Section 490 provides for a comprehensive scheme for the management, return or disposition of items that have been seized. [1]

Where property seized under s.489.1 has been brought before a justice or a report has been made to justice, the court has an obligation under s. 490 to "supervise its detention".[2]

Where there are privacy interests in the thing seized they remain in place throughout the duration of the seizure.[3]

Making Copies

Records seized and detained under s. 490 may be copied.[4] The police may keep the copies even if the originals are ordered to be returned under s. 490(15).[5]

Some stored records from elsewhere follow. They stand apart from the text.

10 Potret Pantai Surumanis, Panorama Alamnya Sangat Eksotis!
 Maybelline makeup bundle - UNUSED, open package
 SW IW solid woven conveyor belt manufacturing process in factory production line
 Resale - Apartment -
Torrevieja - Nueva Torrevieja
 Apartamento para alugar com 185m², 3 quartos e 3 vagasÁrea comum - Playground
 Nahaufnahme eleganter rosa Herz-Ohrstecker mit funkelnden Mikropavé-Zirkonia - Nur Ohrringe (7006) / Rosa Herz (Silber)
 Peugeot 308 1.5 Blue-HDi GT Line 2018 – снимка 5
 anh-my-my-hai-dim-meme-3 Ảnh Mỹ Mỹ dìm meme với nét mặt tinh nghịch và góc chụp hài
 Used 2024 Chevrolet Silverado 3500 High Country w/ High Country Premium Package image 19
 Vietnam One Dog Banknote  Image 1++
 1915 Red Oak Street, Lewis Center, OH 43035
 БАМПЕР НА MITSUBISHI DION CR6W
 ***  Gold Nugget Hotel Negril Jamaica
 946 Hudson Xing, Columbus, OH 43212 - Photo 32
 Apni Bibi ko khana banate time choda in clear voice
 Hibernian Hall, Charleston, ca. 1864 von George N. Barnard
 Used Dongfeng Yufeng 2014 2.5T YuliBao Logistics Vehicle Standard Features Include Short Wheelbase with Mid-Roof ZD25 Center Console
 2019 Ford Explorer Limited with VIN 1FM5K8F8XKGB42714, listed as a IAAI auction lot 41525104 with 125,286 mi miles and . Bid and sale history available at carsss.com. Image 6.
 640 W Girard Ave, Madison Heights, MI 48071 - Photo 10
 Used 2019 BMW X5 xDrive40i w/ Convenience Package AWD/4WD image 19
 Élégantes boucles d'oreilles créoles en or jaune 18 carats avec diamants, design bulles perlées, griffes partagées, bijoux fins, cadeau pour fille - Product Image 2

  1. R v Gehl, 2008 ONCJ 305 (CanLII), per Cuthbertson J, at para 10
  2. R v Backhouse, 2005 CanLII 4937 (ON CA), [2005] OJ No. 754, per Rosenberg JA, at para 112 ("Section 490 provides that where things have been brought before a justice or a report made to a justice in respect of anything seized under s. 489.1, there is an obligation on the justice to supervise its detention.")
  3. R v Colarusso, 1994 CanLII 134 (SCC), [1994] 1 SCR 20, per La Forest J , at para 91
  4. R v Garcia-Machado, 2015 ONCA 569 (CanLII), per Hoy ACJ, at para 66
    R v Pèse Pêche Inc, 2013 NBCA 37 (CanLII), per Deschênes JA
  5. Pèse Pêche Inc, ibid. ("In addition, the investigators have an unequivocal right to keep copies of the seized documents, which they were ordered to return to the appellants (s. 490(13) of the Criminal Code)")

Specific Scenarios

Inventory Searches

See also: Ancillary Powers Doctrine

Seizure of property will create an authority to perform a warrantless search the items seized for the purpose itemizing them and ensuring safe keeping. It cannot be searched for the purpose of advancing an investigation.[1]

  1. R v Adam, 2012 ABPC 77 (CanLII), per Groves J
    R v Wint, 2009 ONCA 52 (CanLII), per curiam

Seizure by Non-Peace Officers

489.1
...

Restitution of property or report by peace officer

(2) Subject to this or any other Act of Parliament, where a person, other than a peace officer, has seized anything under a warrant issued under this Act or under section 487.11 [where warrant not necessary] or 489 [seizure of things not specified with or without warrant] or otherwise in the execution of duties under this or any other Act of Parliament, that person shall, as soon as is practicable,

(a) bring the thing seized before the justice who issued the warrant or some other justice for the same territorial division or, if no warrant was issued, before a justice having jurisdiction in respect of the matter, or
(b) report to the justice referred to in paragraph (a) that he has seized the thing and is detaining it or causing it to be detained,

to be dealt with by the justice in accordance with subsection 490(1) [detention of things seized].
...
R.S., 1985, c. 27 (1st Supp.), s. 72; 1993, c. 40, s. 17; 1997, c. 18, s. 49.
[annotation(s) added]

CCC


Note up: 489.1(2)

Initial Detention Order

See also: Procedure on Seizure of Property

Section 490 governs the procedure for detaining property seized under s. 489 or 489.1, including obtaining the approval of justice to detain the property for a period of time. An order can be made by a justice of the peace to allow the police to detain property under s.490(1):

Detention of things seized

490 (1) Subject to this or any other Act of Parliament, where, pursuant to paragraph 489.1(1)(b) [report detained property to a justice] or subsection 489.1(2) [restitution of property or report by peace officer], anything that has been seized is brought before a justice or a report in respect of anything seized is made to a justice, the justice shall,

(a) where the lawful owner or person who is lawfully entitled to possession of the thing seized is known, order it to be returned to that owner or person, unless the prosecutor, or the peace officer or other person having custody of the thing seized, satisfies the justice that the detention of the thing seized is required for the purposes of any investigation or a preliminary inquiry, trial or other proceeding; or
(b) where the prosecutor, or the peace officer or other person having custody of the thing seized, satisfies the justice that the thing seized should be detained for a reason set out in paragraph (a), detain the thing seized or order that it be detained, taking reasonable care to ensure that it is preserved until the conclusion of any investigation or until it is required to be produced for the purposes of a preliminary inquiry, trial or other proceeding.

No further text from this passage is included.